• [Exercise details]:
No pictures belong in the copy. Retype exactly, and only, the stretch of lines below from the one with "Вячеслав Третьяк поздравил" through the one with "Első látásra 419".

• [Source material]:
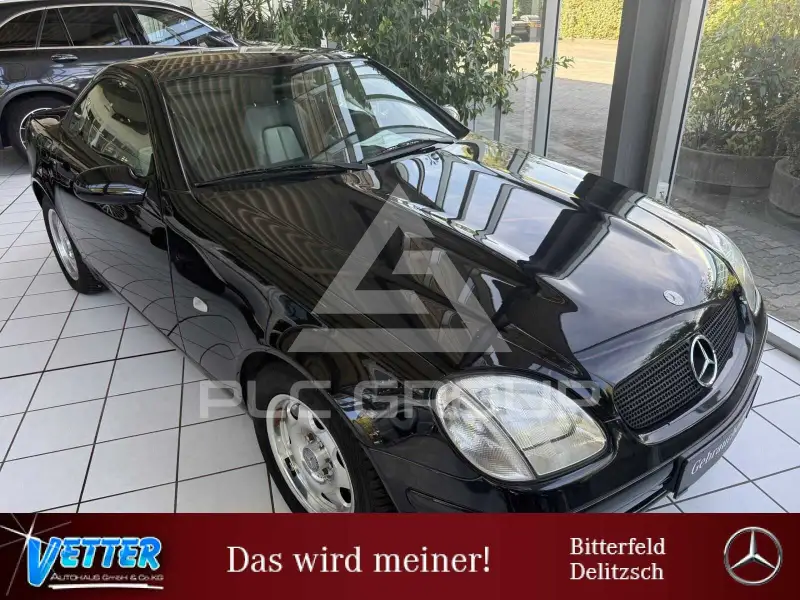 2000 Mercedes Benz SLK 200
* * *
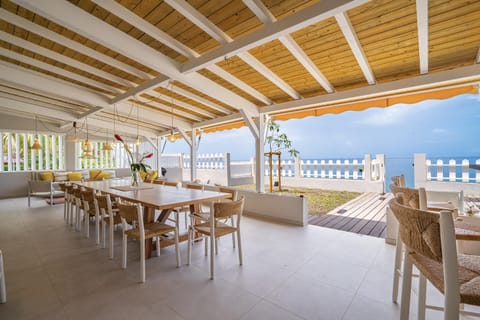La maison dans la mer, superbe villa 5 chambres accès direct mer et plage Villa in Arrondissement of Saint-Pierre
---
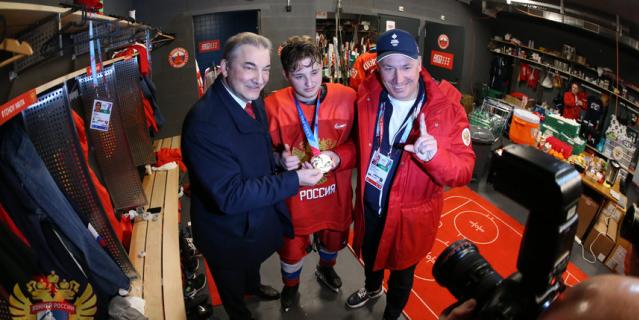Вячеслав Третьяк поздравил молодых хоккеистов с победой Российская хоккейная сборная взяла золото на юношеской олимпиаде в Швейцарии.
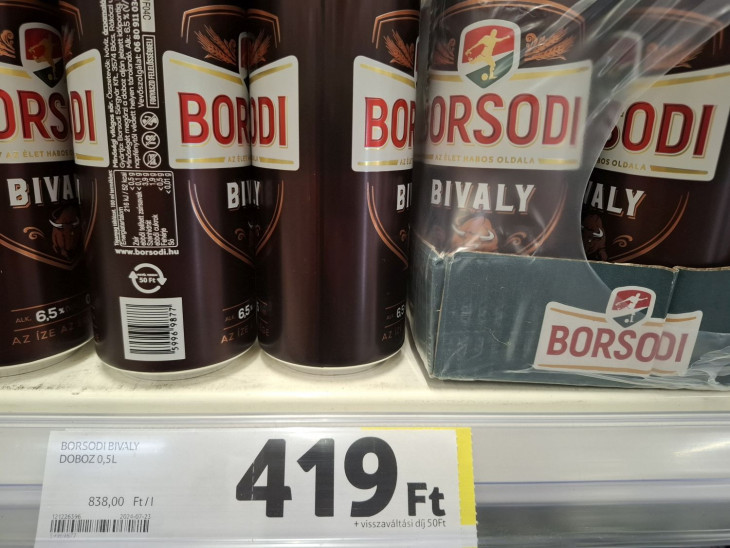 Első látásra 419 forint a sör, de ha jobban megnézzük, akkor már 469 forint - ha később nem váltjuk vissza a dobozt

• [Reply]:
Вячеслав Третьяк поздравил молодых хоккеистов с победой Российская хоккейная сборная взяла золото на юношеской олимпиаде в Швейцарии.
 Első látásra 419 forint a sör, de ha jobban megnézzük, akkor már 469 forint - ha később nem váltjuk vissza a dobozt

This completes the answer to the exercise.